Posterior al ingreso, cinco metros más adelante, hay un sala de espera para luego pasar a cualquiera de los sitios que funcionan en la AFA. Hay vitrinas repletas de trofeos por todos lados. Desde los más curiosos hasta la réplica de la última Copa América ganada por Argentina en 1993, en Ecuador. No sobra iluminación, por el contrario. Falta la claridad que la AFA no tuvo en los últimos tiempos y que Chiqui Tapia, parte de la dirigencia que llevó al fútbol argentino a tutearse con el abismo, intentará brindarle. Todo cambia cuando se sube hasta el tercer piso, lugar del despacho del sanjuanino. Una secretaria recibe a los huéspedes de ocasión, siempre guiados por algún asesor, sino es imposible acceder a este lugar de privilegio. Una puerta con interruptor debe ser habilitada para acceder al sector de reunión del Comité Ejecutivo.
Ahí se ‘cocinan’ las decisiones de esta nueva AFA. Cada asiento tiene delante el nombre del dirigente y, en otro rasgo de que la renovación todavía está lejos de ser total, hay un timbre que acciona quien conduce las asambleas para ir dando la palabra en orden.
Tras de este lugar, repleto de focos led y con inmobiliario de madera de gran calidad, se ubica a la izquierda la oficina del presidente de la AFA. Un lugar de no más de 30 metros cuadrados. Desde que asumió Tapia no trajo muchas cosas suyas, más bien dejó las que había, tal cual reconoció. Eso sí, de Grondona no queda nada porque la familia se llevó todo apenas fue su deceso en julio del 2014. Resalta la austeridad de semejante lugar de poder no solo del fútbol argentino, sino del deporte mundial. Hay dos murales con los equipos campeones mundiales en mayores: Argentina ‘78 y México ‘86. Una bandera de la AFA se encuentra en un mástil bastante sencillo. Un teléfono negro tiene ‘el jefe’ a su izquierda. En una vitrina, dos réplicas de las Copas mundiales de mayores y otras tantas de los juveniles.
A ese lugar tan codiciado llegó Tapia el 30 de marzo pasado por primera vez. Ahí brinda la entrevista exclusiva con DIARIO DE CUYO durante 40 minutos. Va desde su infancia en Concepción a la Superliga. Cuenta sus sueños de campeón mundial y se le llenan los ojos de lágrimas cuando menciona a su viejo, Washington, la ‘persona más importante de su vida’.
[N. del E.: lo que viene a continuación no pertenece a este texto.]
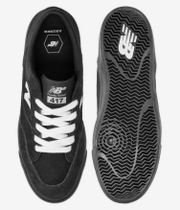 New Balance Numeric 417 Shoes (black white)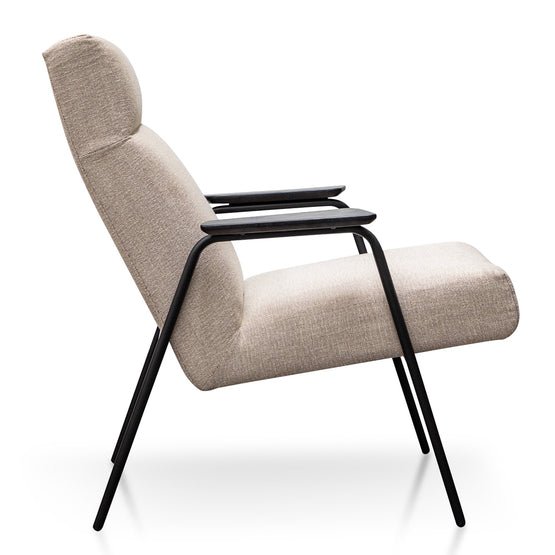 Ella Armchair - Sand Grey - Armchairs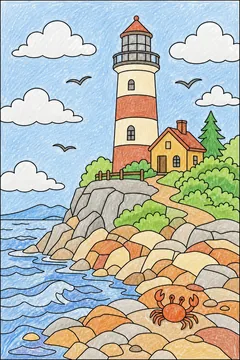 Colored example 3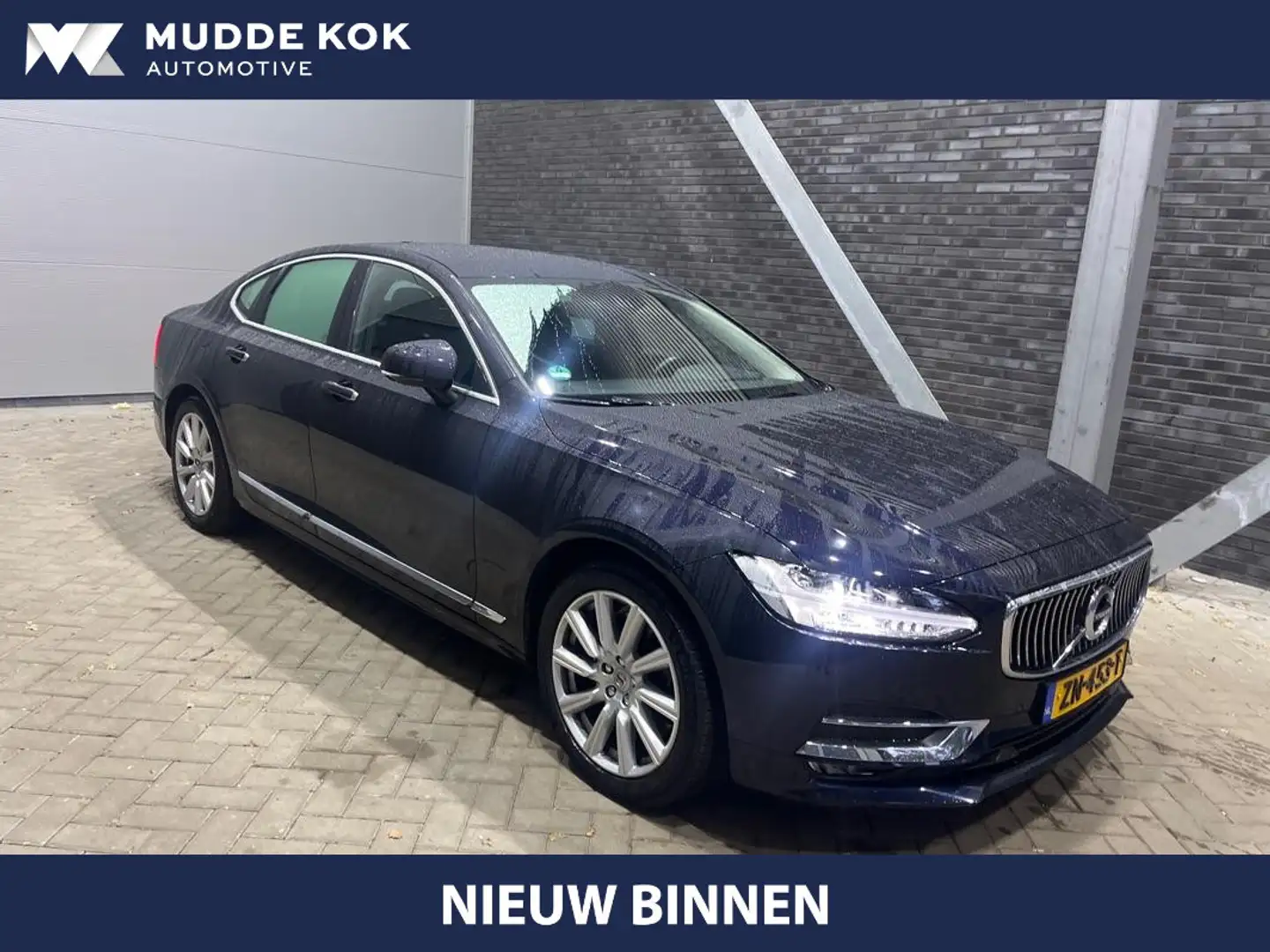 Volvo S90 T4 Business Luxury | ACC | BLIS | Keyless | Stoelv Blauw - 1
Es un Tapia abierto, visceral, dispuesto a contar sus expectativas y abstraerse de las presiones. Dejar de lado una agenda repleta de reuniones con múltiples conflictos a resolver. Se lo nota entusiasmado. A sus 49 años sabe que el desafío no será sencillo, pero se apoya en su gente, la experiencia que obtuvo desde que se metió en el fútbol en su amado Barracas Central con apenas 35 años y en la fuerza que le brinda su querida Difunta Correa.
Revela por primera vez que se ve en el cargo por una docena de años, pese a que aún no cumplió siquiera el primero. Más aún sabiendo que en el fútbol todo cambia muy rápido.
La nota se cierra con la sesión de fotos y Chiqui, quien se calza para ese momento un traje turquesa y acomoda el gel en su pelo, demuestra su generosidad al posar una y otra vez. Incluso, se anima a hacerlo con un vino tinto sanjuanino en sus manos.
Pero cuando se le pide más de una vez que sonría ante las cámaras, este hombre que llegó de pibe a Buenos Aires y que empezó de barrendero y hoy manda en el fútbol argentino, muestra que hay cosas que le dejaron huellas imborrables: “Me cuesta sonreír, no es tan fácil después de los golpes que uno tuvo”. No lo dice, pero seguramente se le viene a la mente la muerte de su padre y la pérdida de su hermano. Pero ahí está, surcando los mares del planeta fútbol. Sólo el tiempo será capaz de darle su lugar en la historia. “Gracias a ustedes, un placer”, es su despedida, antes de cerrar la puerta del despacho y volver al ruedo.